Then again, given the current state of our politics, it could be that as 2119 comes around, we’ll still be talking about Brexit, one of the topics that he covers in his stand-up show Every Little Thing’s Gonna Be Alright.

“Yeah,” he laughs. “The government will be saying: ‘We’re doing this for the people who voted for Brexit, who are all now dead, and their children, who are all now dead.’”

The tour, now entering its final few weeks, started in February, and Steel is still enjoying it. “When you’re younger, you come off stage thinking: ‘Oh, that wasn’t very good.’ Comics are like that as a breed, but this tour has been brilliant fun. And stand-ups seem to be ruling the world at the moment. Literally, stand-ups are winning elections [in Ukraine].

I don’t pretend to have anything poignant or meaningful to say, or propose any solutions to what’s going on. I’m just doing jokes and lots of silly voices but there you are. I have people coming up to me and saying: ‘It was lovely to be able to laugh about all of this, because it’s been getting me down.’ And maybe it’s the comic’s way of looking at it, because…”

It’s so ridiculous?

“Yes, that’s exactly the right word. Ridiculous. I mean it’s brilliant, isn’t it? You know the government have got this extension for Brexit until 31 October? They are like students who say: ‘I’ve got this essay to hand in tomorrow morning at 10 and it’s 10,000 words long!’ And you go: ‘When did they give you that to do?’ And they say: ‘Two years ago in June but I’m only just getting started!’ That’s like Brexit. They’ve got this extension and they are going to go ‘That’s all right then’ and then they will get to 30 October and go ‘We haven’t done it!’”

Aside from Brexit, Steel’s new show touches on some pretty personal issues, namely his wife of 11 years divorcing him and his obsession with sport. “In divorce there’s this mediation to sort out all the finances. Well, you can imagine I enjoyed every minute of that. It was one of the most boring hours of my life. It was like being back at school.

“I also do a bit about my own failings that I’ve been told about, which makes me suspect it’s perfectly reasonable that someone would want to divorce me.”

Steel, 58, has never been scared to explore his personal life through his work. In his show Who Do You Think I Am, he charted his search for and discovery of his birth parents. Steel was adopted 10 days after he was born, a fact that people often assume he must find “upsetting”, he says, but in fact he finds “fascinating and funny”.

It seems hard to ignore the connection in the new show between the personal and the political: the divorce, and Britain’s messy separation from the EU, which started with the 2016 referendum.

Steel concedes there is a parallel, though he’s not sure that many people who come to see the show get the connection, which he says is okay, “because what you mostly want people to do is laugh when you do a silly face”.

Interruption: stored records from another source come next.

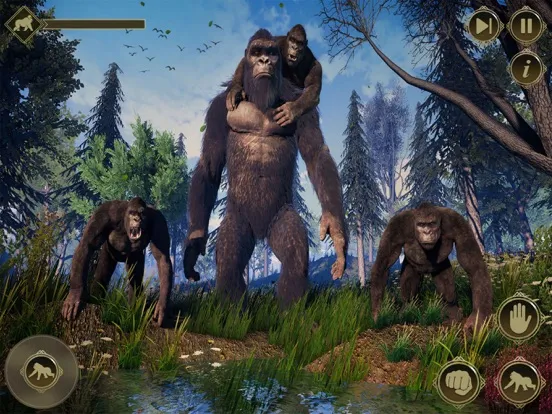 تصاویر Angry Gorilla Monster Hunt Sim iPad 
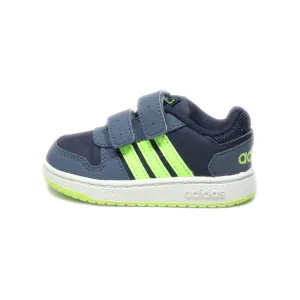 Adidas Hoops 2.0 Cmf I Crawlers Leather Blue Colour For Kids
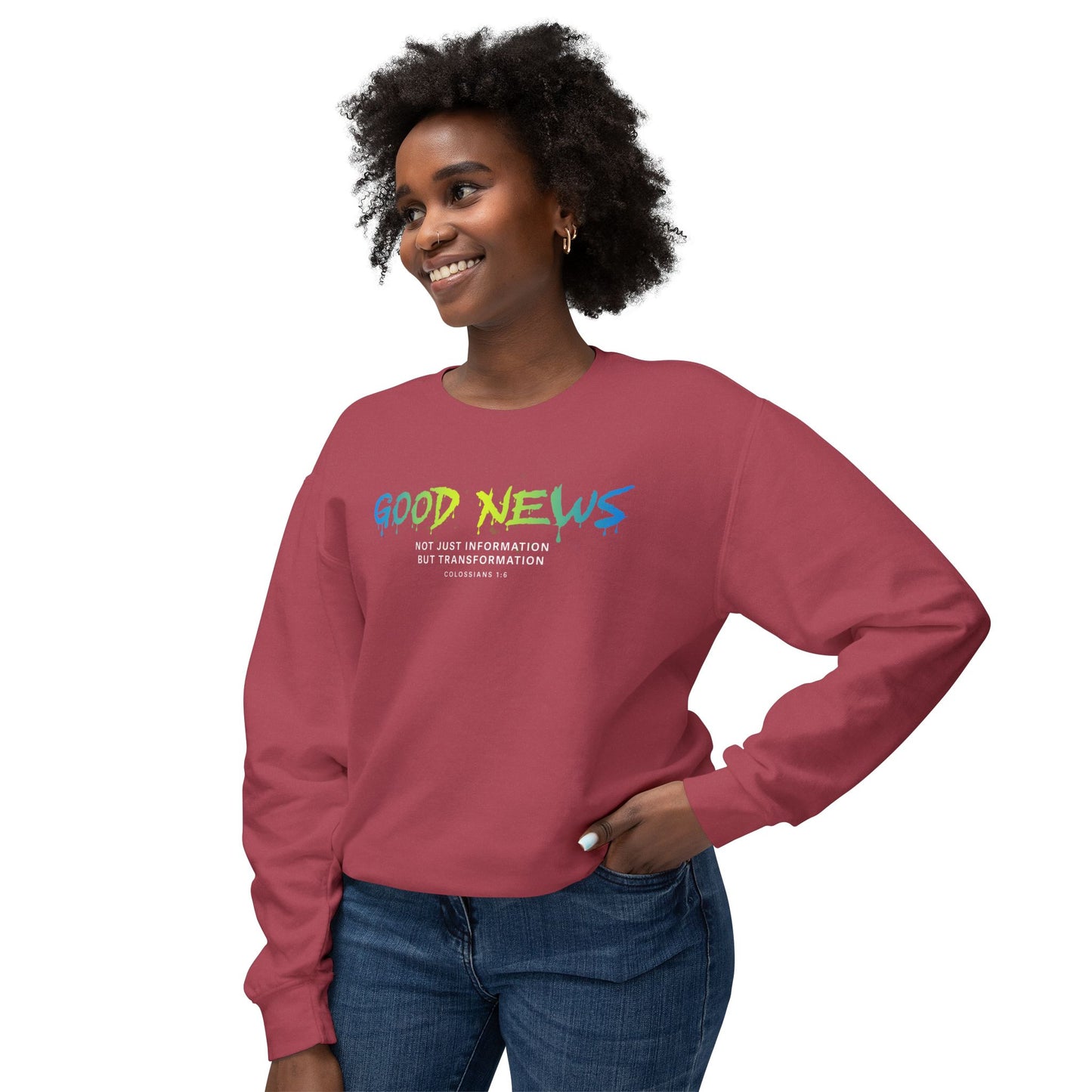 Good News Colossians 1:6 Cotton T-Shirt — Religious Faith Scripture Tee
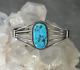 Vintage Native American Navajo Sleeping beauty Turquoise silver Bracelet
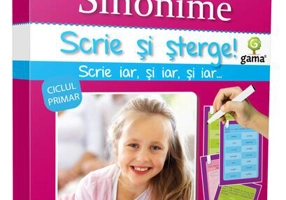 Sinonime. Scrie și șterge! Expert (7-10 ani)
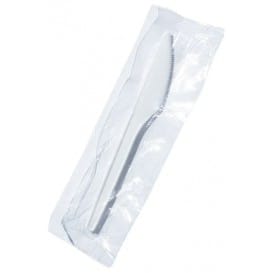 Cuchillo de Plastico PS Blanco 170 mm Estuchado (1000 Uds)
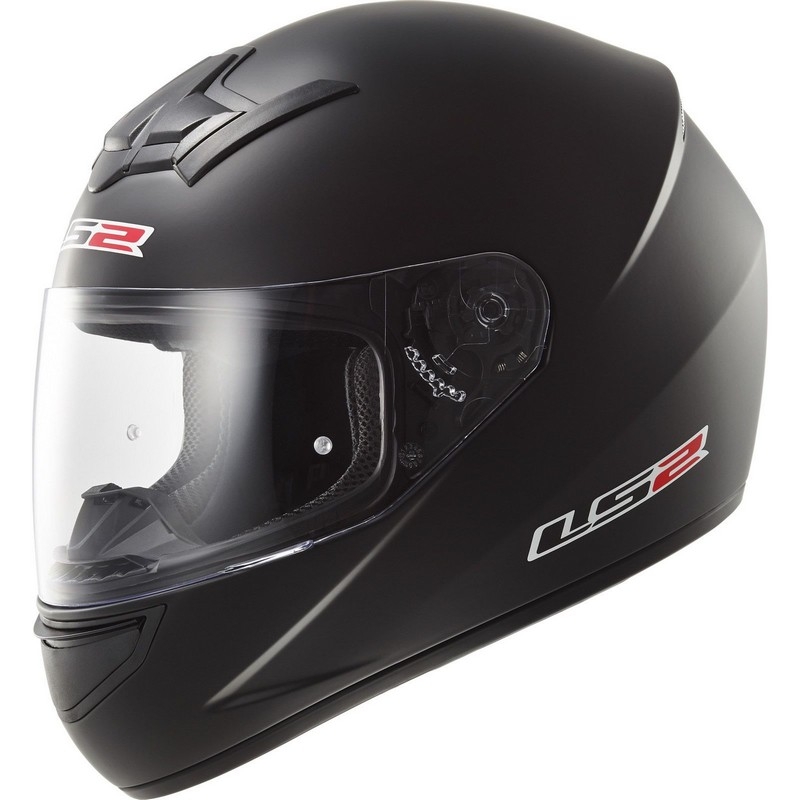 Prilba na motorku LS2 FF352 ROOKIE SOLID čierna matná výpredaj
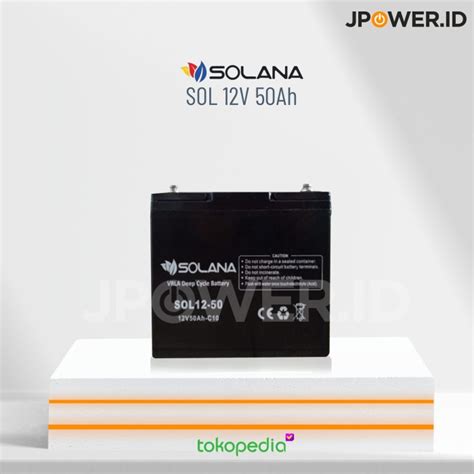 Jual Battery Vrla Baterai Accu V Ah Solana Jakarta Barat Jespro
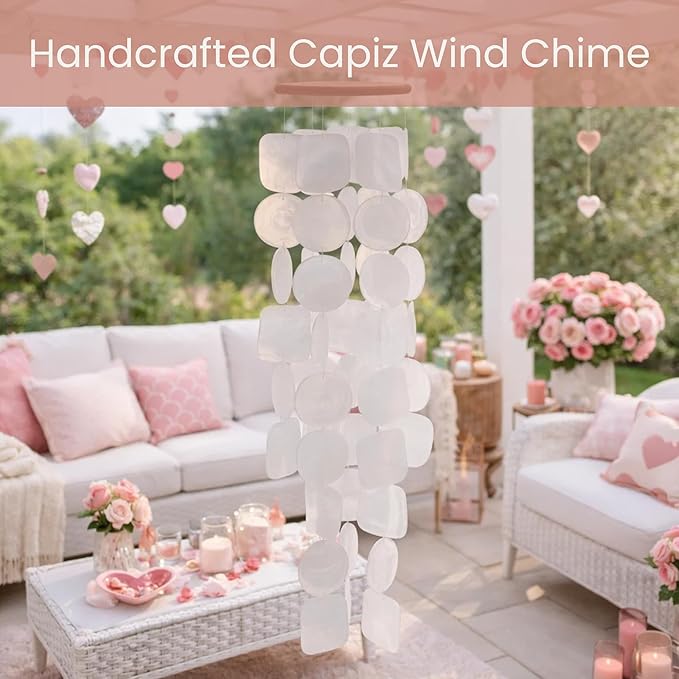 Solange & Frances Garden Decor, Hanging Patio Decor, Wind Chimes for Outside,Patio and Garden Gifts for Women Who Have Everything for Mom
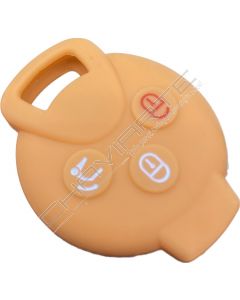 Capa silicone Smart, três botões, laranja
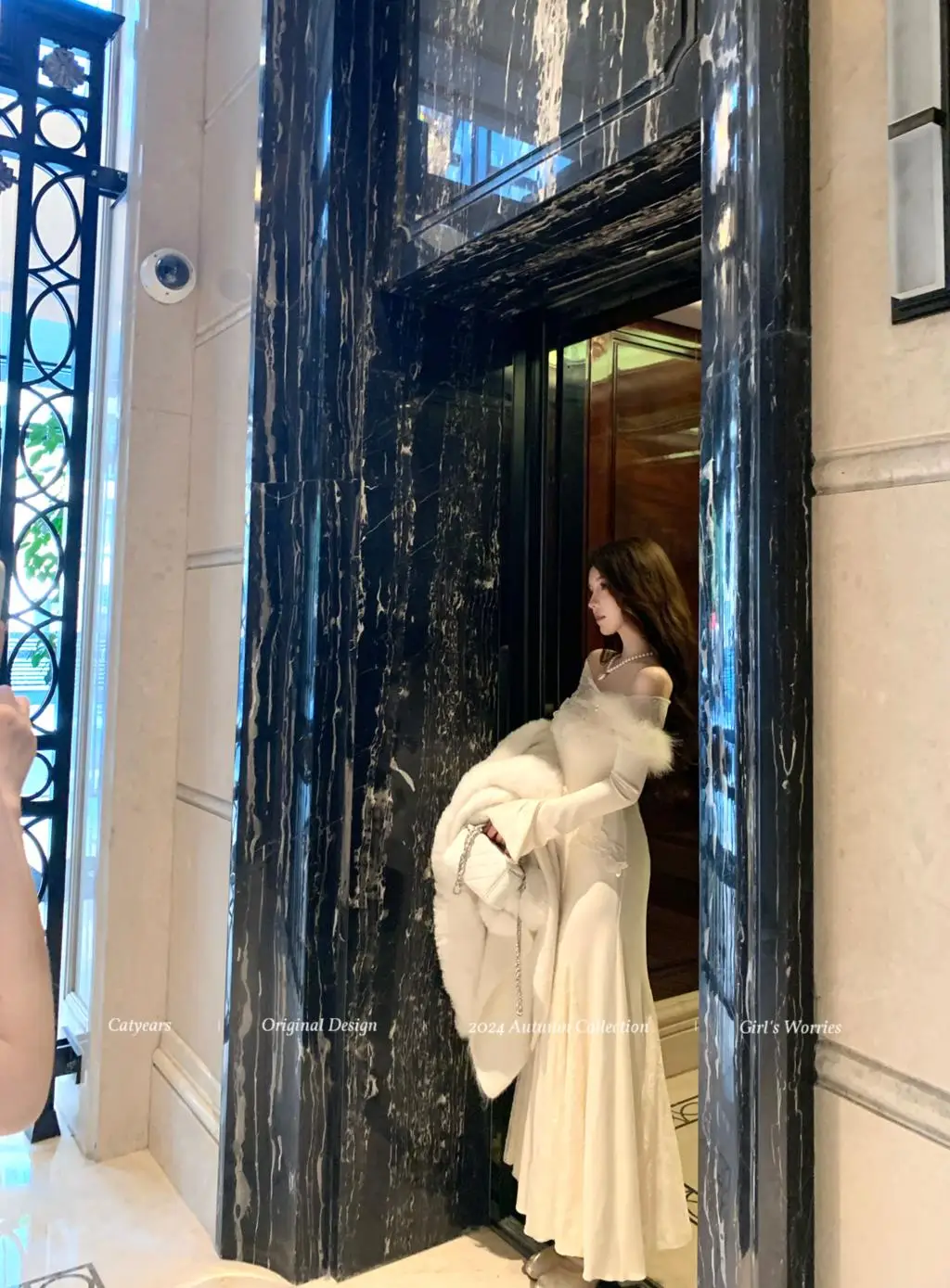 Vestidos de punto nuevos de otoño e invierno para mujer, cuello alto, manga acampanada, encaje de retazos, corte sirena, moda coreana, Vestidos para mujer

But he notes anger’s role in both relationships and politics. “If you look at the words someone says in the middle of a breakdown, when you’re screaming at each other that that’s not where the ironing board goes, well, that’s clearly not what that argument is about. And clearly Brexit is not about backstops and things like that – it’s about wider things, it’s about our world view, what kind of Britain we should be.

“There was a quote on a radio phone-in. This bloke was saying we can go off and do trade with other places and the presenter says ‘Where do you mean?’ and this bloke says ‘All the places we used to run, because we used to run three thirds of the world!’

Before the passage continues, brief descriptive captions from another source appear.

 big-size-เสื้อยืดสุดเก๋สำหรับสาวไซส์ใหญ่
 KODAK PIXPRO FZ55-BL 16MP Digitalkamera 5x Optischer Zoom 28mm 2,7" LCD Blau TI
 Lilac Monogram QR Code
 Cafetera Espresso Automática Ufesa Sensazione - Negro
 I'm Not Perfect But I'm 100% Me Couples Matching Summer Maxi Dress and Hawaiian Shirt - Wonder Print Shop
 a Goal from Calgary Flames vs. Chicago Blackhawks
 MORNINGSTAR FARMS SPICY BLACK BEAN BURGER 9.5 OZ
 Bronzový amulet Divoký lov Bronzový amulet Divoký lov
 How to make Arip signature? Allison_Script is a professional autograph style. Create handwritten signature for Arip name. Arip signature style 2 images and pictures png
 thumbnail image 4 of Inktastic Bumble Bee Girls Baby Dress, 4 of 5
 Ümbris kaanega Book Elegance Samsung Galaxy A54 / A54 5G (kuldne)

Steel laughs at the memory. “I actually really liked him,” he says, revealing one of his defining abilities as a performer – his capacity to appreciate anyone even if he doesn’t agree with them.

“When people are angry, they shout things but it doesn’t mean they believe exactly words they are saying, like three thirds of the world or whatever.

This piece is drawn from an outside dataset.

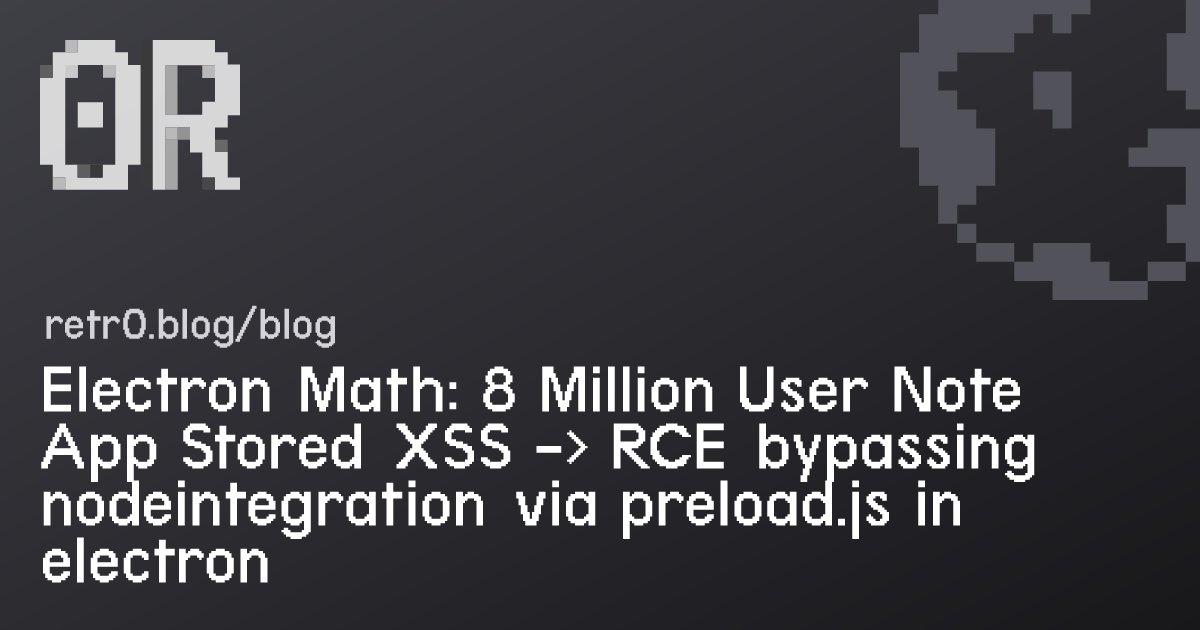 a0xnirudh's tweet card. Retr0's Threat Research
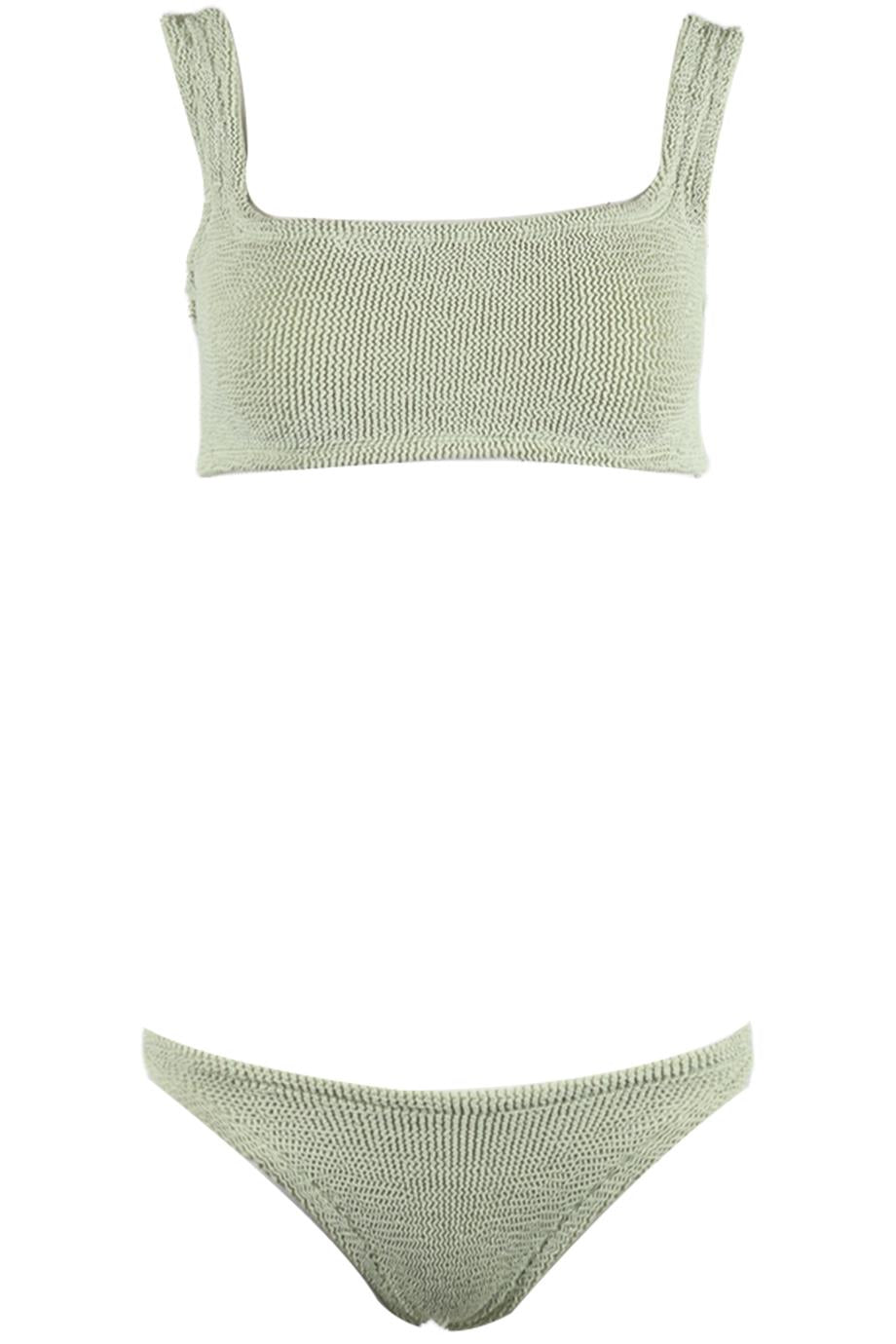 HUNZA G SEERSUCKER BIKINI ONE SIZE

“In the show I’m not trying to berate anybody. There are bits that I think if you voted leave you would be… like I say how the angry people are the ones who won the referendum. They are the ones who go ‘It’s not fair! We set everything on fire and now it’s on fire!’ I suppose if you voted leave that make might make you cross, but it doesn’t seem to.”

In Mark Steel’s In Town, which has had nine seasons, Steel, who grew up in Swanley, Kent, visits a town, thoroughly researching the place and getting to know its people before delivering a stage show to an audience of locals where he gently, and sometimes not so gently, ribs them about their history, customs and characters. He tells the people of Carlisle that their city smells of biscuits and mocks the dour disposition of Huddersfield folk while doing a dreadful approximation of a Yorkshire accent. How does he get away with it?

“Once you really like something, people can see that in your eyes, and so you are able to be rude about it and make jokes. I would get into trouble if I went to a place that I didn’t like. I wouldn’t be able to do it. That’s my fear.”

That nearly happened, although he won’t say where. “There was one programme that I didn’t really like, because I didn’t really warm to the place. I cycled over there early one morning and the first three people I met were horrible. Someone nearly knocked me off my bike and screamed at me, but then I met loads of really nice people and it was fine.”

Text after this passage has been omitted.